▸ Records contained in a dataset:
----------
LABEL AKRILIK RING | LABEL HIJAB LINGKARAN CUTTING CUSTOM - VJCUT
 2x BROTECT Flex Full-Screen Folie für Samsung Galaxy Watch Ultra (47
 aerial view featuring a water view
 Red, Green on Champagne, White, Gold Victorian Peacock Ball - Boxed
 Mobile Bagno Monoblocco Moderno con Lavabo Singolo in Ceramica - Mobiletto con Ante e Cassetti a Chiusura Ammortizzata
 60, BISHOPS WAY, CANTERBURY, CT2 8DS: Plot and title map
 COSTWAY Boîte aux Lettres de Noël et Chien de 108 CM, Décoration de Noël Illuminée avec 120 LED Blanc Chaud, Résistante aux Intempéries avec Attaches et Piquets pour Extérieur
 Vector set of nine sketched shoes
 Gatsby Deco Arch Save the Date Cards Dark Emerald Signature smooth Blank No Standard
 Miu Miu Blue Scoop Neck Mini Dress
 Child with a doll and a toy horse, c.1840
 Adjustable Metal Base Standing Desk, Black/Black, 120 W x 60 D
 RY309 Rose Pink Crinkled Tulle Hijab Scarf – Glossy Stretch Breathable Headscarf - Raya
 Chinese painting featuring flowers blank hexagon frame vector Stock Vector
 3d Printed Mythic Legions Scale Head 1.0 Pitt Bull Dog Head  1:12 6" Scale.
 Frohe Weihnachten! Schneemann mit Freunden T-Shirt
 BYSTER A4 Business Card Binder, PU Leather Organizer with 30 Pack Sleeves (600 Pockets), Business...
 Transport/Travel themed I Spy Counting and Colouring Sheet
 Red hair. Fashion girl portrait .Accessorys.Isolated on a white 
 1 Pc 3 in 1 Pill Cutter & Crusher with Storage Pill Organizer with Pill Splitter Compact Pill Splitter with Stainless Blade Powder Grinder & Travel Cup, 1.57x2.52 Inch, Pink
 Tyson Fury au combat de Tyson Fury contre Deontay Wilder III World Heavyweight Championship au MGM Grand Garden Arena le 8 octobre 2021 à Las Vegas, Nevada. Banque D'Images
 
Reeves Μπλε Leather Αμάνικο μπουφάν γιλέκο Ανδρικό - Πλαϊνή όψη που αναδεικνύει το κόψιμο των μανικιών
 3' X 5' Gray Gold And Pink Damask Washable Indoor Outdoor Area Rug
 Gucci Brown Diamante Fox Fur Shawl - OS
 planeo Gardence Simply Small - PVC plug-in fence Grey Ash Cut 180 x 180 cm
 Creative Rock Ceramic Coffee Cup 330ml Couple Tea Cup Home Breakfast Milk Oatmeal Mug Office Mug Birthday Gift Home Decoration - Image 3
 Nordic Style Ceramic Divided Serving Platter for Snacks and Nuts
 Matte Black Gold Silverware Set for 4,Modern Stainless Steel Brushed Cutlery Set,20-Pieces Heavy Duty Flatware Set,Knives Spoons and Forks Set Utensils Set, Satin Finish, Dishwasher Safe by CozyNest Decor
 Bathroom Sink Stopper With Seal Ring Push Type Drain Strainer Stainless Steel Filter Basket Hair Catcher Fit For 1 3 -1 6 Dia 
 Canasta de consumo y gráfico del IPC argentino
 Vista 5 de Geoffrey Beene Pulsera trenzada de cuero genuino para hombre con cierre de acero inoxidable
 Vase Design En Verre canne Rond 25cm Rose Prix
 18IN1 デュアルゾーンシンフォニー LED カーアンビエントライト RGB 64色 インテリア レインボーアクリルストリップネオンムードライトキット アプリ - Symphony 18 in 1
----------
▸ Your task: Set down, from the entries above, exactly the lines from the one with "Red hair. Fashion" up to and including the one with "1 Pc 3 in 1", and no other lines.

▸ Solution below:
 Red hair. Fashion girl portrait .Accessorys.Isolated on a white 
 1 Pc 3 in 1 Pill Cutter & Crusher with Storage Pill Organizer with Pill Splitter Compact Pill Splitter with Stainless Blade Powder Grinder & Travel Cup, 1.57x2.52 Inch, Pink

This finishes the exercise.